Task:
Among the lines of the listing below, retype exactly those from the one containing "This will pull" through the one containing "When people asked", both included. Do not include pictures.

Data section Start Marker

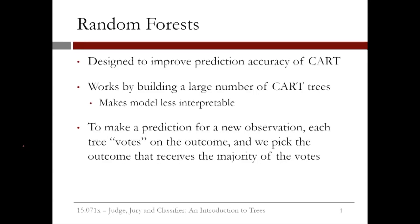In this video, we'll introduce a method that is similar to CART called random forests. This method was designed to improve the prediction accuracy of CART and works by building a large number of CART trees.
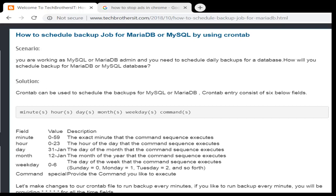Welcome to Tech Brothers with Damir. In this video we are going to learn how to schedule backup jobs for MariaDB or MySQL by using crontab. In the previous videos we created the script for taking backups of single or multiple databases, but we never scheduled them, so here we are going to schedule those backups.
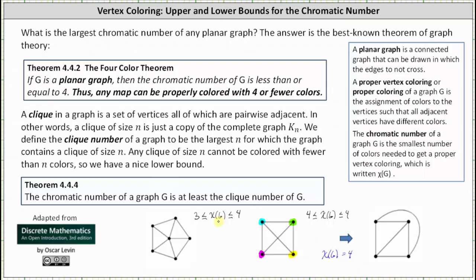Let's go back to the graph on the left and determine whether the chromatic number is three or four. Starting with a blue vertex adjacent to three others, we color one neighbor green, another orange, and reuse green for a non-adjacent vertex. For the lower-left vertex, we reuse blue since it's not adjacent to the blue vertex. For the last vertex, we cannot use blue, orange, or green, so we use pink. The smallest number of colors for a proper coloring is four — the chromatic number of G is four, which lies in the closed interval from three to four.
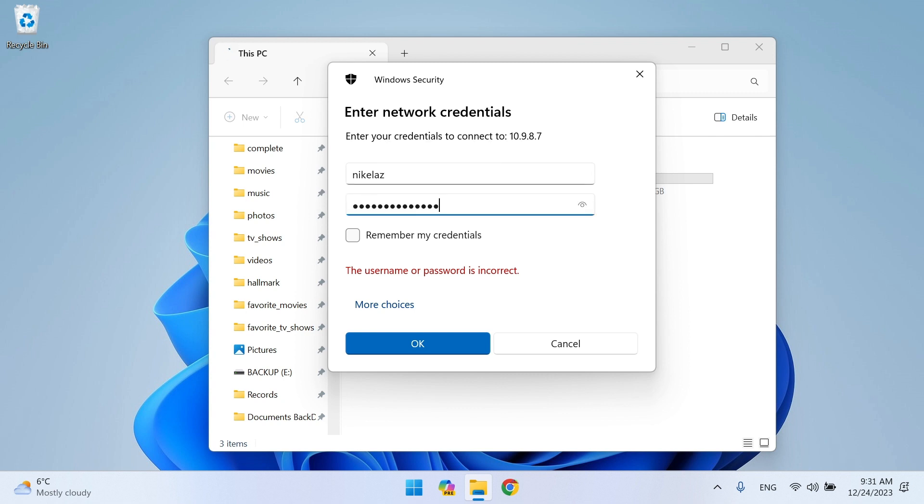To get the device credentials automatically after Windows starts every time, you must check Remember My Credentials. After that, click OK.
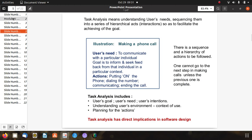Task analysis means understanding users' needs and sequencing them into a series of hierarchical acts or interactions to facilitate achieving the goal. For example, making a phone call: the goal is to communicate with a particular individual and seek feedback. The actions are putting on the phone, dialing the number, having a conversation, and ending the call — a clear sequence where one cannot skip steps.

Data section End Marker
Data section Start Marker

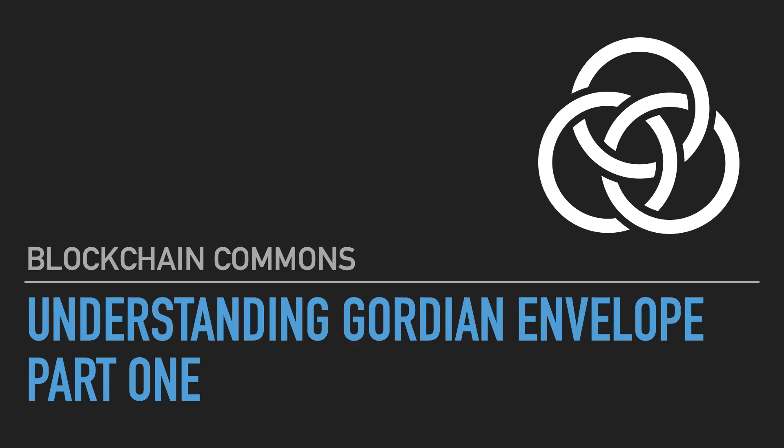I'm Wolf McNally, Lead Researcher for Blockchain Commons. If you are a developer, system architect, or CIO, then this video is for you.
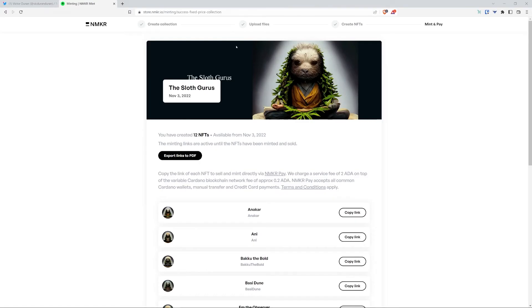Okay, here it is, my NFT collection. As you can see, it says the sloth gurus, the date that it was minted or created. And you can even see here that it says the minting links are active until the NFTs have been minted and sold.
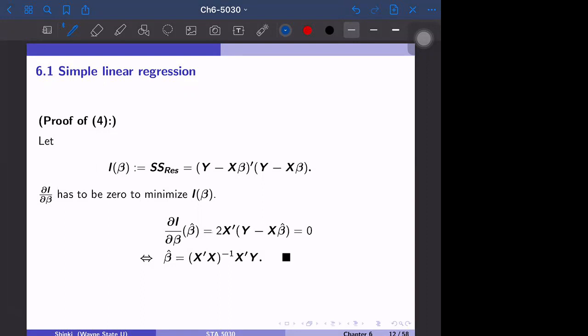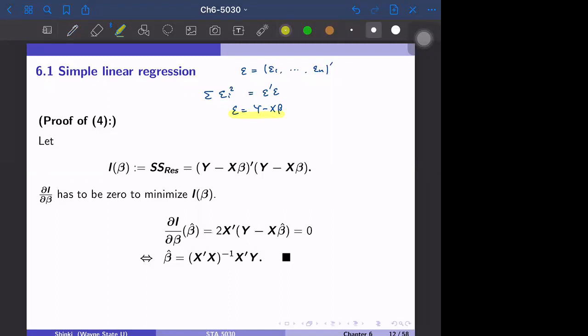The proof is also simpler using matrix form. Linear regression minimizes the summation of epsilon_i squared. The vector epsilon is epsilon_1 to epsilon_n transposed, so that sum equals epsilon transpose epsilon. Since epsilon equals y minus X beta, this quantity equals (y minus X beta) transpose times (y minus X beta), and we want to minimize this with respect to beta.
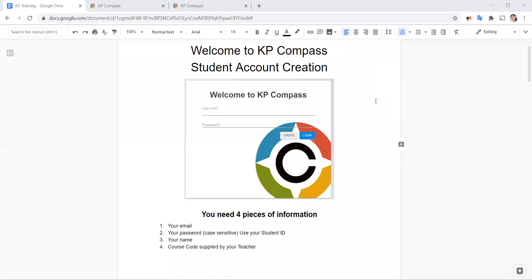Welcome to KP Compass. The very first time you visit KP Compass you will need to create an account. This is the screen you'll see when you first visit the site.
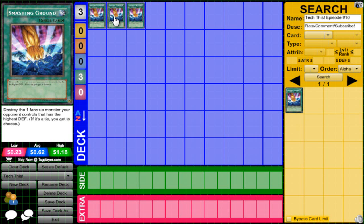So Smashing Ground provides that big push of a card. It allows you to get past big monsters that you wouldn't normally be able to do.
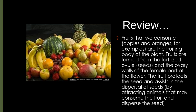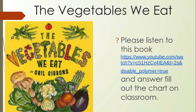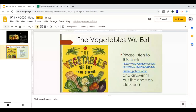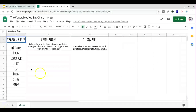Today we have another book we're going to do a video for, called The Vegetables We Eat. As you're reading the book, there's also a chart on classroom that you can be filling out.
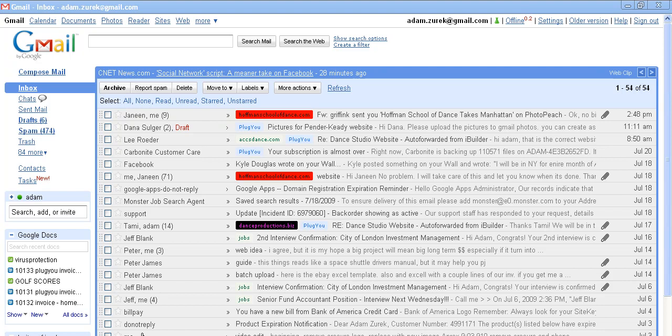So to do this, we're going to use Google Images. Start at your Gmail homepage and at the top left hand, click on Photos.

Data section End Marker
Data section Start Marker

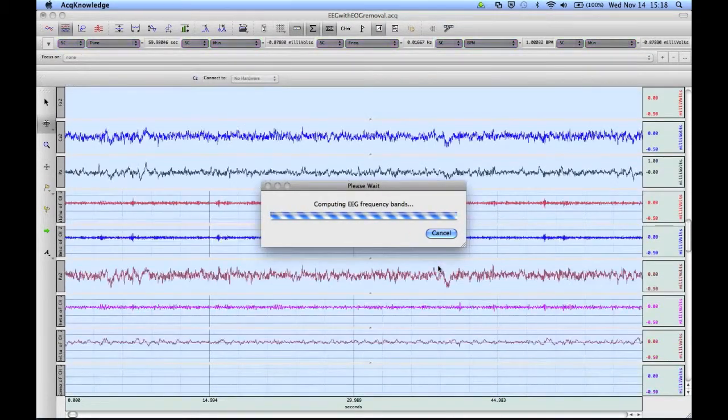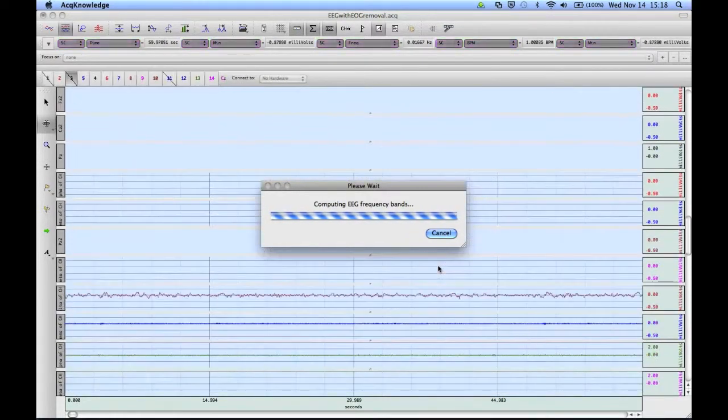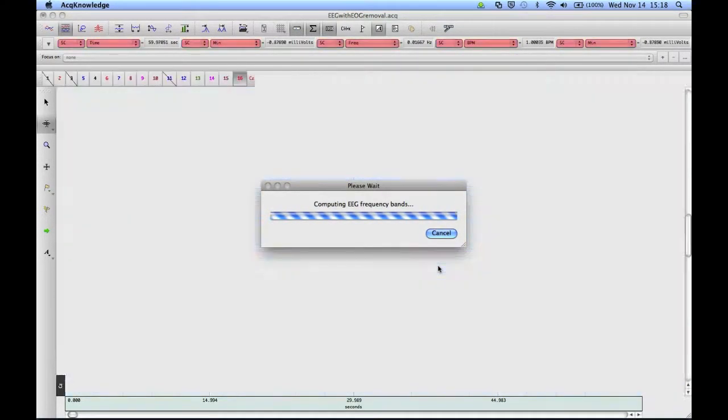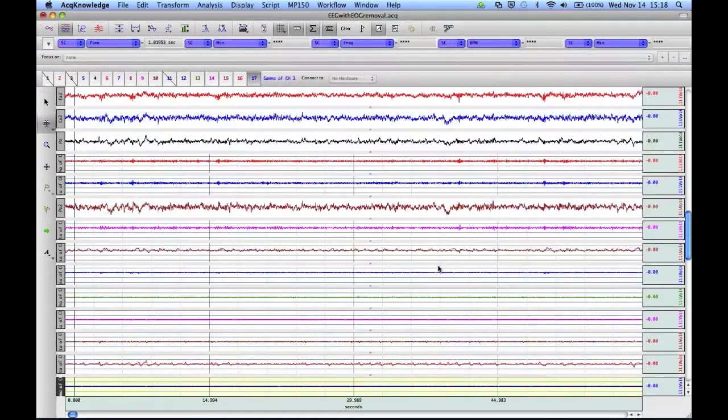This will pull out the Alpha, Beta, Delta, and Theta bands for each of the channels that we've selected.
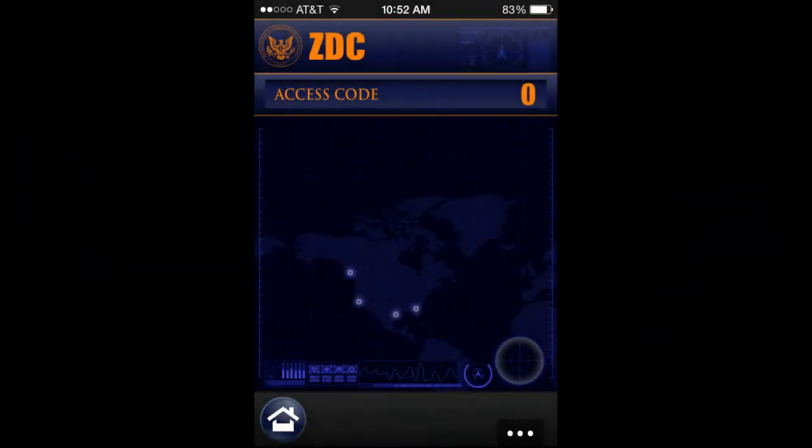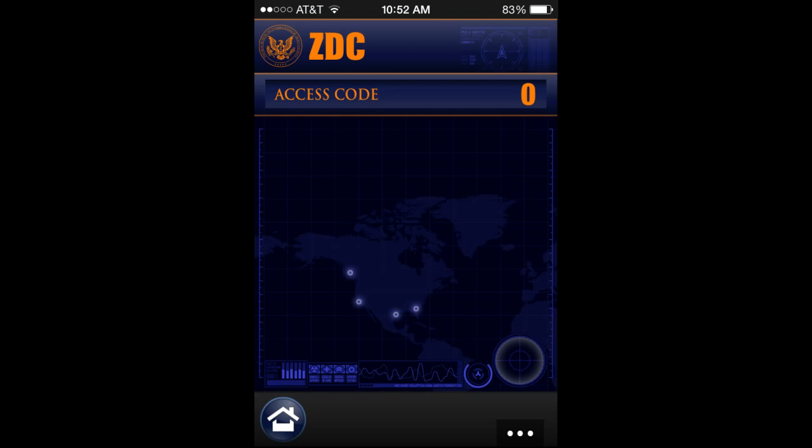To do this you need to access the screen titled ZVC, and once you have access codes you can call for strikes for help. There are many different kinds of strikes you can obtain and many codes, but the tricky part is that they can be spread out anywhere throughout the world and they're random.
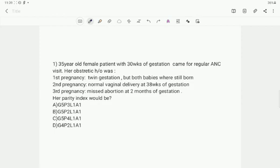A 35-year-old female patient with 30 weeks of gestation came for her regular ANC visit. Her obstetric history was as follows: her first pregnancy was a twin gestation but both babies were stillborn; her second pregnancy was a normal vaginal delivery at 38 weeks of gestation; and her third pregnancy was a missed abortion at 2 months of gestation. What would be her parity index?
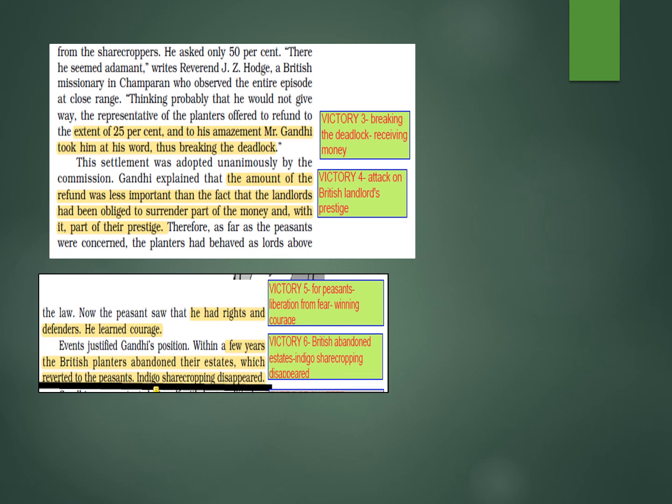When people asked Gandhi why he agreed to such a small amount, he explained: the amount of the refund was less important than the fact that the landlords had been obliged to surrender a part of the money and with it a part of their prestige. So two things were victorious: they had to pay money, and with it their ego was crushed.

Data section End Marker

Answer box:
This will pull out the Alpha, Beta, Delta, and Theta bands for each of the channels that we've selected.
To do this you need to access the screen titled ZVC, and once you have access codes you can call for strikes for help. There are many different kinds of strikes you can obtain and many codes, but the tricky part is that they can be spread out anywhere throughout the world and they're random.
A 35-year-old female patient with 30 weeks of gestation came for her regular ANC visit. Her obstetric history was as follows: her first pregnancy was a twin gestation but both babies were stillborn; her second pregnancy was a normal vaginal delivery at 38 weeks of gestation; and her third pregnancy was a missed abortion at 2 months of gestation. What would be her parity index?
When people asked Gandhi why he agreed to such a small amount, he explained: the amount of the refund was less important than the fact that the landlords had been obliged to surrender a part of the money and with it a part of their prestige. So two things were victorious: they had to pay money, and with it their ego was crushed.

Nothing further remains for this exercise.